Only certain lines below are wanted: those starting at the line containing "2-Piece Patio Rattan" and ending at the line containing "Đồng hồ thời", both included, each retyped exactly.

___ EXTRACTED INFORMATION ___

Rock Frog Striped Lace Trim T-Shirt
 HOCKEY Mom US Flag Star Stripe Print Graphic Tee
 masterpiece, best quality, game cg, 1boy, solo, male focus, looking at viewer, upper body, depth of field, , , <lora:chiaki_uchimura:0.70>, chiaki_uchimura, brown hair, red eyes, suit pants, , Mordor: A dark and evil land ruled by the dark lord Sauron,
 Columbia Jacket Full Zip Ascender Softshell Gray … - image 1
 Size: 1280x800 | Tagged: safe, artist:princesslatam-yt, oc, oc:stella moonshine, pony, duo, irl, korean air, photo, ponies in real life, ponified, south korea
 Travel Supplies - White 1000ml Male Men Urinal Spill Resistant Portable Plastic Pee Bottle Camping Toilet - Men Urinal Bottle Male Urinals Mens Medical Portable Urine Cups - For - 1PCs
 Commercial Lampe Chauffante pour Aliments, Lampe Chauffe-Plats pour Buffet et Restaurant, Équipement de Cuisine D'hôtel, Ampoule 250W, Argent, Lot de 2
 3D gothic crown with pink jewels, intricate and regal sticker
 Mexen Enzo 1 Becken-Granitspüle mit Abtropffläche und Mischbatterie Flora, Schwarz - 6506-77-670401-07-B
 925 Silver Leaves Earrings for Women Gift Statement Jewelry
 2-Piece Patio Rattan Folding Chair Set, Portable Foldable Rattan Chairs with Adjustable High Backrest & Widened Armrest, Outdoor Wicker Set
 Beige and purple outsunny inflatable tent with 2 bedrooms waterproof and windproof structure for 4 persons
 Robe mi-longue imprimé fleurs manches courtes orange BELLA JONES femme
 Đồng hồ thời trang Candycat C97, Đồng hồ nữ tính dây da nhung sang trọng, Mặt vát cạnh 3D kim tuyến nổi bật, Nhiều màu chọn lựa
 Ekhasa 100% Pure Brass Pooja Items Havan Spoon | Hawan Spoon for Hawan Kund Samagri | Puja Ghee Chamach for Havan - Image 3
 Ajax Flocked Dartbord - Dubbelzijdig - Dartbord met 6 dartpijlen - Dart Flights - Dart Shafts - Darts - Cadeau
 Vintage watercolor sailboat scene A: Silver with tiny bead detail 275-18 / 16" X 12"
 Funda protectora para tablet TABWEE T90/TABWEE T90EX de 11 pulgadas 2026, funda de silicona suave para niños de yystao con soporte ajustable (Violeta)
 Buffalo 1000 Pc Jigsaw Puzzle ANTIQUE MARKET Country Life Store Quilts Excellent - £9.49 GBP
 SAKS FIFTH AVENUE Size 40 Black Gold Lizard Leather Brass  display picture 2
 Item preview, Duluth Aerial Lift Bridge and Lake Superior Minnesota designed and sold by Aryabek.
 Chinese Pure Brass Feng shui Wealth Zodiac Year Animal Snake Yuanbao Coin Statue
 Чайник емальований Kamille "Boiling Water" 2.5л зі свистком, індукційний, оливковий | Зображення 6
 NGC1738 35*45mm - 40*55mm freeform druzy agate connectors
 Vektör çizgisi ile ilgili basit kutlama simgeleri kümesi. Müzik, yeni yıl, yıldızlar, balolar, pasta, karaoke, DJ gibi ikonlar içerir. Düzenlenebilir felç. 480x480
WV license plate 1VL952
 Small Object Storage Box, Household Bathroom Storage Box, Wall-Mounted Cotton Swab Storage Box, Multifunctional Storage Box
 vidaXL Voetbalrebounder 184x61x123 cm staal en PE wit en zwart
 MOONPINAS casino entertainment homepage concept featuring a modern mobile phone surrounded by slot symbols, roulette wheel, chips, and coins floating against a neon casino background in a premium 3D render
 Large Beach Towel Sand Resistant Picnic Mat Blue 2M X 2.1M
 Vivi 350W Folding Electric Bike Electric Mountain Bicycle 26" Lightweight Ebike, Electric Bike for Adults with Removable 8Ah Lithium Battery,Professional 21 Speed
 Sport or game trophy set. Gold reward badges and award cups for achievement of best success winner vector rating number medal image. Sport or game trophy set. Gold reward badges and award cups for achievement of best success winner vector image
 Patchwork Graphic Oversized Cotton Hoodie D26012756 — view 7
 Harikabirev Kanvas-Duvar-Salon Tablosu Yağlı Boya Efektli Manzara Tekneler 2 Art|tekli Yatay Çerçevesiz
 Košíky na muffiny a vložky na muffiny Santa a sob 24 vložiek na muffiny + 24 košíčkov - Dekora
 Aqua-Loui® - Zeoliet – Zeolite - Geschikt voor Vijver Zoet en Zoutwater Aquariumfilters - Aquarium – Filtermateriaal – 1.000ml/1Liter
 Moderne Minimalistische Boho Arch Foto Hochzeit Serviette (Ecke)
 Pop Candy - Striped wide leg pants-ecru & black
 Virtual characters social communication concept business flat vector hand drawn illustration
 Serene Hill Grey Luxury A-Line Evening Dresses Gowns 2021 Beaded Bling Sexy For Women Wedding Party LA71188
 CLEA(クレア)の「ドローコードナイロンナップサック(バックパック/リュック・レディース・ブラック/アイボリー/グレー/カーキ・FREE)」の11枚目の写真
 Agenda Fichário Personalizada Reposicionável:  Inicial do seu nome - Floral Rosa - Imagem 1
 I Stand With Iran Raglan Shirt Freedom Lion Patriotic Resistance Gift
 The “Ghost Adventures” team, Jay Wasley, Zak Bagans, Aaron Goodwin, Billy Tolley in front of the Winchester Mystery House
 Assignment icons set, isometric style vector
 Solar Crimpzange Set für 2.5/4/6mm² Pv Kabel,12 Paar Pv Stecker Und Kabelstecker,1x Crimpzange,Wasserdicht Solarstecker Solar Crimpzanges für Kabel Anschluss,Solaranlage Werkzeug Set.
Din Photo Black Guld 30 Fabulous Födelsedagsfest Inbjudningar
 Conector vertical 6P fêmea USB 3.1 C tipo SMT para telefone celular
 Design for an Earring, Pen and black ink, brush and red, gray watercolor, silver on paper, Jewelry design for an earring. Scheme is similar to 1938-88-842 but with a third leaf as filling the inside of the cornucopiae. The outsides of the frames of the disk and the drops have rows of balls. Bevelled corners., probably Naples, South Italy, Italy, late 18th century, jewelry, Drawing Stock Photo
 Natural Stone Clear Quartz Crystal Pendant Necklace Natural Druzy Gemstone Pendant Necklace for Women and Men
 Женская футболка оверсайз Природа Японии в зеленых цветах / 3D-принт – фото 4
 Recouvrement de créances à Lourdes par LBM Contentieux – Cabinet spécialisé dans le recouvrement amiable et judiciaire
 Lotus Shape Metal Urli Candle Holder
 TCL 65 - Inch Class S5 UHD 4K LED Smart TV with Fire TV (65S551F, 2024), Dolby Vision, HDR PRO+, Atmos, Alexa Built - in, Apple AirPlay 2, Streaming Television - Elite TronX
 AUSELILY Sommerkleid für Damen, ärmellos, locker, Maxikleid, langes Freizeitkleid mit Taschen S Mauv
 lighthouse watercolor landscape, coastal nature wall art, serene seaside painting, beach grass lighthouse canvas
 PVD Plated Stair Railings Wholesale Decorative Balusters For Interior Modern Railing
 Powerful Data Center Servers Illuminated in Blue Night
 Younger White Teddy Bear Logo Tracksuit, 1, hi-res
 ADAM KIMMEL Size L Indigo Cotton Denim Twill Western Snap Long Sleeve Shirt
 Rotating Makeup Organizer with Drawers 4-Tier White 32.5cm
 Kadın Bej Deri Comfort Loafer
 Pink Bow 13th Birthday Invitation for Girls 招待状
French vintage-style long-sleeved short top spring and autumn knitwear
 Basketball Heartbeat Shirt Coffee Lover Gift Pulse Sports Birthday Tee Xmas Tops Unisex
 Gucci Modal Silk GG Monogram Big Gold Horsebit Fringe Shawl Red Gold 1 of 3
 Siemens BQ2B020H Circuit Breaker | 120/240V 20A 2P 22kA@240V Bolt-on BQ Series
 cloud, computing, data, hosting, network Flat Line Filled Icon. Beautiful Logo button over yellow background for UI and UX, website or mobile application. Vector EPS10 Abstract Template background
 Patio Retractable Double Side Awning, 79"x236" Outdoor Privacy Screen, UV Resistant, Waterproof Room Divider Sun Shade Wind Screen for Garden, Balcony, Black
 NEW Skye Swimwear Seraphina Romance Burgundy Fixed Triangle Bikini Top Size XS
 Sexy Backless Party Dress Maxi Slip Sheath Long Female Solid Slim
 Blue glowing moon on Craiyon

___

◆ ANSWER TO THE PROBLEM:
 2-Piece Patio Rattan Folding Chair Set, Portable Foldable Rattan Chairs with Adjustable High Backrest & Widened Armrest, Outdoor Wicker Set
 Beige and purple outsunny inflatable tent with 2 bedrooms waterproof and windproof structure for 4 persons
 Robe mi-longue imprimé fleurs manches courtes orange BELLA JONES femme
 Đồng hồ thời trang Candycat C97, Đồng hồ nữ tính dây da nhung sang trọng, Mặt vát cạnh 3D kim tuyến nổi bật, Nhiều màu chọn lựa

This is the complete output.